> **About this exercise**
Beginning with the first line, please return the entries exactly through the line that contains "Crayon Pascola 24 Warna", and leave out all later lines.
Information: Begin
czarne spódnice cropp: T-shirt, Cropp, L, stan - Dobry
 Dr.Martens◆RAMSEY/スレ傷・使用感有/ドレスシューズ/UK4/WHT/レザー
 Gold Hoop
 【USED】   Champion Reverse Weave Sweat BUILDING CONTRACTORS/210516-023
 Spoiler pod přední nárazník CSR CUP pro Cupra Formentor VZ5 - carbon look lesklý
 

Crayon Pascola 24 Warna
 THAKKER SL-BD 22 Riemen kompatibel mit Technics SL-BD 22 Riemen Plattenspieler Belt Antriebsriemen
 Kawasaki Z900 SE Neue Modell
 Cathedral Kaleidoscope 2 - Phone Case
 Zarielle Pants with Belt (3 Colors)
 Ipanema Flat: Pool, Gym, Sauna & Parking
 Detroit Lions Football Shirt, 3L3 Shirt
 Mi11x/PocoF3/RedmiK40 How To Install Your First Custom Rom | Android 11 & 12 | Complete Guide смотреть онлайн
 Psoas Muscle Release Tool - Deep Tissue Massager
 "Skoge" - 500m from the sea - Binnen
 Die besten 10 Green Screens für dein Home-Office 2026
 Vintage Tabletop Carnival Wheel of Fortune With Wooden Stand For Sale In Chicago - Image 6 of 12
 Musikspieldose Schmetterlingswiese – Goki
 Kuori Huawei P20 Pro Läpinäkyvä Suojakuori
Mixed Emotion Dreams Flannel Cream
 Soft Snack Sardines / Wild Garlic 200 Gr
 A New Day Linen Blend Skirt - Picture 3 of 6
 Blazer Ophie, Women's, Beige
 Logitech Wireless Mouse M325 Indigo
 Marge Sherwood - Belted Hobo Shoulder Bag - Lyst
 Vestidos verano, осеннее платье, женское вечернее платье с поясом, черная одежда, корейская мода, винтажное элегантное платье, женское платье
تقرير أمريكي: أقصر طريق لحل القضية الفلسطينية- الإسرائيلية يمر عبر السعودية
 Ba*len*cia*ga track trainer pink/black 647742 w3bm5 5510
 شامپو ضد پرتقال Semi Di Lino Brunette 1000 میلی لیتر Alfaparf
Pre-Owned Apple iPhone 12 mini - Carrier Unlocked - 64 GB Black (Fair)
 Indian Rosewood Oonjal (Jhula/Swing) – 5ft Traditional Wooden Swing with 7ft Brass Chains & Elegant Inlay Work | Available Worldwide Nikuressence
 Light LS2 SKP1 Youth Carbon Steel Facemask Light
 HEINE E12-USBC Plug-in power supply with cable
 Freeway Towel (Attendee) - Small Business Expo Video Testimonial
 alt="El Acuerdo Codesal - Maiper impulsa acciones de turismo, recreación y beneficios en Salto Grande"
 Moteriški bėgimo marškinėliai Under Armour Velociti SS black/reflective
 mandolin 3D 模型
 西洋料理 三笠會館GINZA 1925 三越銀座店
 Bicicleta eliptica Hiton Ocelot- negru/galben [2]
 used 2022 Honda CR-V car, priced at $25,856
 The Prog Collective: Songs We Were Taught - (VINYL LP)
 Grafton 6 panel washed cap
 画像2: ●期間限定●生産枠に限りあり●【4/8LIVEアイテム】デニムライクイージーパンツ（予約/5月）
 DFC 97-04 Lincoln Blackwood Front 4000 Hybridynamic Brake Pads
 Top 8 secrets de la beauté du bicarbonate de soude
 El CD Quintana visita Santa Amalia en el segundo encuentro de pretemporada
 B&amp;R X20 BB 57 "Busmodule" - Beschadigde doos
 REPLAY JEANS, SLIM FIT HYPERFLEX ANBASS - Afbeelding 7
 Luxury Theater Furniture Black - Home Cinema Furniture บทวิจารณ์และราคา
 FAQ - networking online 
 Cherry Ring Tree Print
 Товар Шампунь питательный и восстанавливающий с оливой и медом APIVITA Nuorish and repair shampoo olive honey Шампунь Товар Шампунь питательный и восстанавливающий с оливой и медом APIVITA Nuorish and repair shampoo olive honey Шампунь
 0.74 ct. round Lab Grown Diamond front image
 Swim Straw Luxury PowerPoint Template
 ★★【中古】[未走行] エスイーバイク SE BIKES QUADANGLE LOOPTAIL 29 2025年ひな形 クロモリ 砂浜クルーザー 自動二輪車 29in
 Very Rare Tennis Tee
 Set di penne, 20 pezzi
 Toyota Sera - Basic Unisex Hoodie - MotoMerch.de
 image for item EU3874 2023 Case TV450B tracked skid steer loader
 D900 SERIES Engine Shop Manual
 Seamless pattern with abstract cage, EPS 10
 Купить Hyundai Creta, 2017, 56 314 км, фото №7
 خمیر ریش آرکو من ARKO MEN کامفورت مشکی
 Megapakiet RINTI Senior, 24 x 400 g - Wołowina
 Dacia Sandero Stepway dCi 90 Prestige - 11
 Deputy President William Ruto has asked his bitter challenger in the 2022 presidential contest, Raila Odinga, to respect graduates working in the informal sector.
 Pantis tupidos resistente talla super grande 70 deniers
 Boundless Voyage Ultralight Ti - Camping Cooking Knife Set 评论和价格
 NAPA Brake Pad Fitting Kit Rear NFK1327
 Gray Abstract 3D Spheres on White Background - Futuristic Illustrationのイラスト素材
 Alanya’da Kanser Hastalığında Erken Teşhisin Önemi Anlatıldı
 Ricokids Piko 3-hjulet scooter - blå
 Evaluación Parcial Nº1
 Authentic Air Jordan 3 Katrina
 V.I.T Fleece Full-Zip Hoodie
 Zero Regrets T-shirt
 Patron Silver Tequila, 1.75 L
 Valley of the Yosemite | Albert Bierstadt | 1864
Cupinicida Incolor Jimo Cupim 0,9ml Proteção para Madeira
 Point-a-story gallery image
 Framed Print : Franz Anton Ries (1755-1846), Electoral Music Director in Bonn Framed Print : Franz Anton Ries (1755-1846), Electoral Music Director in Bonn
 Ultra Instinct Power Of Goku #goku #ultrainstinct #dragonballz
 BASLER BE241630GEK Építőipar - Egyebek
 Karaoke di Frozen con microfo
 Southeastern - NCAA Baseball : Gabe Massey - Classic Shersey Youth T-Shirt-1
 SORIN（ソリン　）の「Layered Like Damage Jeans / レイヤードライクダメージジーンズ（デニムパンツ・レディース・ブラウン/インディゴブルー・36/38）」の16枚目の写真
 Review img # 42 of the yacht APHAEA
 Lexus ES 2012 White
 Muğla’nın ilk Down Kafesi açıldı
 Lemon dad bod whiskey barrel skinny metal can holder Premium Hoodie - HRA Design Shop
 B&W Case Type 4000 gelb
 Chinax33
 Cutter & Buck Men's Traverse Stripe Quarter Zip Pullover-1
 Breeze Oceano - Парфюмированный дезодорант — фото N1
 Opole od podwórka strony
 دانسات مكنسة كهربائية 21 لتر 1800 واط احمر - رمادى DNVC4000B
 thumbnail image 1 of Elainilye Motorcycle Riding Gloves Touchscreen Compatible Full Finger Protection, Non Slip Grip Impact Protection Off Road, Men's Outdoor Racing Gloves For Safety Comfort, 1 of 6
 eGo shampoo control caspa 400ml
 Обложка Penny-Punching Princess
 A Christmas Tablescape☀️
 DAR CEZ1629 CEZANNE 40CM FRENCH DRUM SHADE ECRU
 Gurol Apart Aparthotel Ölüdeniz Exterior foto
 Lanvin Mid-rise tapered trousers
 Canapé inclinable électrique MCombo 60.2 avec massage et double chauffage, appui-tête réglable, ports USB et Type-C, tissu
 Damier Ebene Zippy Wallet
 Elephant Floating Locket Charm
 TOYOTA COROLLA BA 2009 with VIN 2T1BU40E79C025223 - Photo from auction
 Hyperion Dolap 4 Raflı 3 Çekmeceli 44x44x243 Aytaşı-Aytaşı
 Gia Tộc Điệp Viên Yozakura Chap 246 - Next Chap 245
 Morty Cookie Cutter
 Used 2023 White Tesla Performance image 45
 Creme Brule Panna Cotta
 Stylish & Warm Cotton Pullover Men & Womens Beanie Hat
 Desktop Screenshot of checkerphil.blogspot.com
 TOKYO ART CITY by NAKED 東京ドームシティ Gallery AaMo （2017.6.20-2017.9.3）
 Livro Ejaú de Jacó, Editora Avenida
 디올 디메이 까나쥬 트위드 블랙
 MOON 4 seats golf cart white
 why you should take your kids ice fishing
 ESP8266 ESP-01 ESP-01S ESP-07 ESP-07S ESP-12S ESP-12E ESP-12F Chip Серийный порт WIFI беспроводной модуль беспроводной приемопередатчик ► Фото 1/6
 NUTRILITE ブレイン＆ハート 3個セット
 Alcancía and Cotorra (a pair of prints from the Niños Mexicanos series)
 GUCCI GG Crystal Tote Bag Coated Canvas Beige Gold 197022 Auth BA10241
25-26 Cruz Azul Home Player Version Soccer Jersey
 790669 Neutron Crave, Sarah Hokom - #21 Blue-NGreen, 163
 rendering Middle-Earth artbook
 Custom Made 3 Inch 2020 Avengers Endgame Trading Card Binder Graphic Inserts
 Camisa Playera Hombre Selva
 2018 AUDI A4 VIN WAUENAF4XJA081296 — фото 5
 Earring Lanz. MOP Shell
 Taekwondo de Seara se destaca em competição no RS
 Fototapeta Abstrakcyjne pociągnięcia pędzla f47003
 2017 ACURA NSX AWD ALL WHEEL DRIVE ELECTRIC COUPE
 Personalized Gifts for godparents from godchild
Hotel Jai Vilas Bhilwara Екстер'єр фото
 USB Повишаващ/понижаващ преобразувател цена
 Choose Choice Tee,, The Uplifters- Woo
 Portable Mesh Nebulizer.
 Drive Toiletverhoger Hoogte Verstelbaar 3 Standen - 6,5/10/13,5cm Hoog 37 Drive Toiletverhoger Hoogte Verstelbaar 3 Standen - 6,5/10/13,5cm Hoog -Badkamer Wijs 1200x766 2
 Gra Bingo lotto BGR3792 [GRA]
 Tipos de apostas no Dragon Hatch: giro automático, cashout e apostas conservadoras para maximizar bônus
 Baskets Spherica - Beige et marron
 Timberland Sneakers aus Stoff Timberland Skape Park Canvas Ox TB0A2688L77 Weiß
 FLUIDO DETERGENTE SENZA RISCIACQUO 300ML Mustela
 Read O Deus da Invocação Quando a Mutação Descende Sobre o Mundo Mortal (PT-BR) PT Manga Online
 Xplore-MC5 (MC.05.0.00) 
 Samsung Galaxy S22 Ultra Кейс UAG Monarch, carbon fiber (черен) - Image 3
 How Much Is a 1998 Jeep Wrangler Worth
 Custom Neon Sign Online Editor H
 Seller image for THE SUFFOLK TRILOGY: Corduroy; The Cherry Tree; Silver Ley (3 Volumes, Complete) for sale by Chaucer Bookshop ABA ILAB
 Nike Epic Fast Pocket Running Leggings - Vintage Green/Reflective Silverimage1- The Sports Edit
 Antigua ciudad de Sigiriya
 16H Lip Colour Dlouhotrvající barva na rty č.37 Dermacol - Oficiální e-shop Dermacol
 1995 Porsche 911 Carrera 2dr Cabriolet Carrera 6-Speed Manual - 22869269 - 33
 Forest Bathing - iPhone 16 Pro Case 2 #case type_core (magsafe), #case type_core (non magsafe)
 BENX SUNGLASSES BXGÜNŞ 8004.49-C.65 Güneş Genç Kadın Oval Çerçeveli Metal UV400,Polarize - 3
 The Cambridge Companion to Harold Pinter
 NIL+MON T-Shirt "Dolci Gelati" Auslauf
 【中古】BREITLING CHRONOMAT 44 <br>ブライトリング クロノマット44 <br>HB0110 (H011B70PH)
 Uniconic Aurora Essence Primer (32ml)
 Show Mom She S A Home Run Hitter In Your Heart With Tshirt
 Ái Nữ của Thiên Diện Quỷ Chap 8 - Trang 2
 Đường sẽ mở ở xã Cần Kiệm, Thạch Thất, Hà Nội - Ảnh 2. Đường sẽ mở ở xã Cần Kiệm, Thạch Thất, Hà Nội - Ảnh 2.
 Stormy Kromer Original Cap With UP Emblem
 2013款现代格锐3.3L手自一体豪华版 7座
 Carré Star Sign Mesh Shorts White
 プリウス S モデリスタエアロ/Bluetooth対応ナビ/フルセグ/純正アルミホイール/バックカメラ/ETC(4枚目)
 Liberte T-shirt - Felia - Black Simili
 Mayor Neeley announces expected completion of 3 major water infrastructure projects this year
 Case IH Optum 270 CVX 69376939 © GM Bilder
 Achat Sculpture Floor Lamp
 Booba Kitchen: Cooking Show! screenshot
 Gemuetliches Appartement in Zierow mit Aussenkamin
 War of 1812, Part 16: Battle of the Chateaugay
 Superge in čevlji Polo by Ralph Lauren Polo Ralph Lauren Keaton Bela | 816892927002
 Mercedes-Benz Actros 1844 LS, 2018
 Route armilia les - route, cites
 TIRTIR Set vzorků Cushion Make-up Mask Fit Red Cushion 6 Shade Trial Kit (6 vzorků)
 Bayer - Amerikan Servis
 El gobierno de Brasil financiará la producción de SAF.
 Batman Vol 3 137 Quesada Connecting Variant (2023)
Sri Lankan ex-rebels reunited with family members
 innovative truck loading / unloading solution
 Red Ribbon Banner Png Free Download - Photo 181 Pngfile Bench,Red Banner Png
Information: End
> **Answer to this task**
czarne spódnice cropp: T-shirt, Cropp, L, stan - Dobry
 Dr.Martens◆RAMSEY/スレ傷・使用感有/ドレスシューズ/UK4/WHT/レザー
 Gold Hoop
 【USED】   Champion Reverse Weave Sweat BUILDING CONTRACTORS/210516-023
 Spoiler pod přední nárazník CSR CUP pro Cupra Formentor VZ5 - carbon look lesklý
 

Crayon Pascola 24 Warna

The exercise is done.